Second Quorum of the Seventy
- April 6, 1991 – October 5, 1996
- Called by: Ezra Taft Benson
- End reason: Honorably released

Personal details
- Born: Stephen Douglas Nadauld May 31, 1942 (age 84) Idaho Falls, Idaho, United States
- Education: BSChem at Brigham Young University M.B.A at Harvard Business School Ph.D. in finance at University of California at Berkeley
- Spouse(s): Margaret Dyreng
- Children: 7 sons
- Parents: Sterling Dwaine Nadauld and Lois Madsen Nadauld Corey

= Stephen D. Nadauld =

American academic and LDS leader

Stephen Douglas Nadauld (born May 31, 1942) is an American academic, the former president of Dixie State University and Weber State University (WSU). Nadauld was a general authority of the Church of Jesus Christ of Latter-day Saints (LDS Church) from 1991 to 1996.

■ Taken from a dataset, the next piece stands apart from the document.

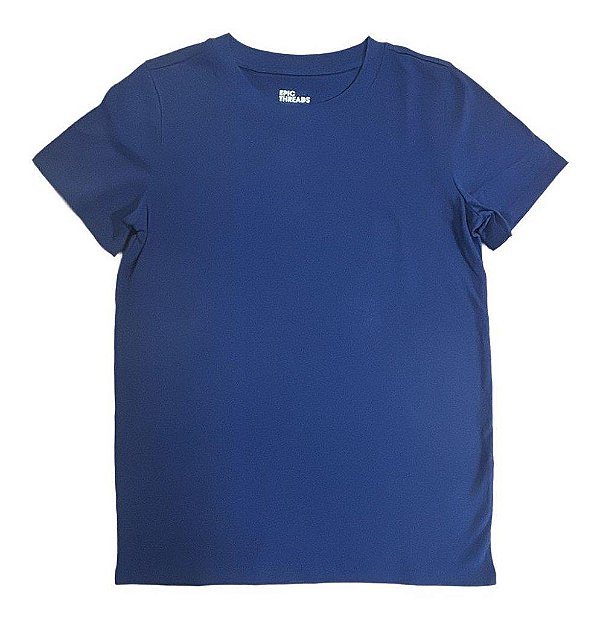 CAMISETA INFANTIL EPIC AZUL MARINHO MANGA CURTA MENINO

Nadauld was born in Idaho Falls, Idaho to Sterling Dwaine Nadauld and Lois Madsen Nadauld Corey. From 1961 to 1964, he was a missionary for the LDS Church in France, where he became a fluent speaker of French.

Nadauld obtained a bachelor's degree in chemistry from Brigham Young University (BYU), an MBA from Harvard Business School, and a Ph.D. in finance from the University of California at Berkeley (UC Berkeley). Nadauld was a faculty member at the University of Utah (1970–72) and UC Berkeley (1973–76). In 1976, he became a faculty member at BYU, where he eventually became the head of the school's MBA program. In 1983, he left BYU for private sector opportunities, including a period of time as the CEO of a dairy cooperative and CFO of Bonneville Pacific Corporation. He was also president of Weber State College (now WSU) in Ogden, Utah, for five years. During his tenure, Nadauld was instrumental in Weber State's preparations to become a university. In 1991, Nadauld was awarded an honorary doctorate degree from WSU.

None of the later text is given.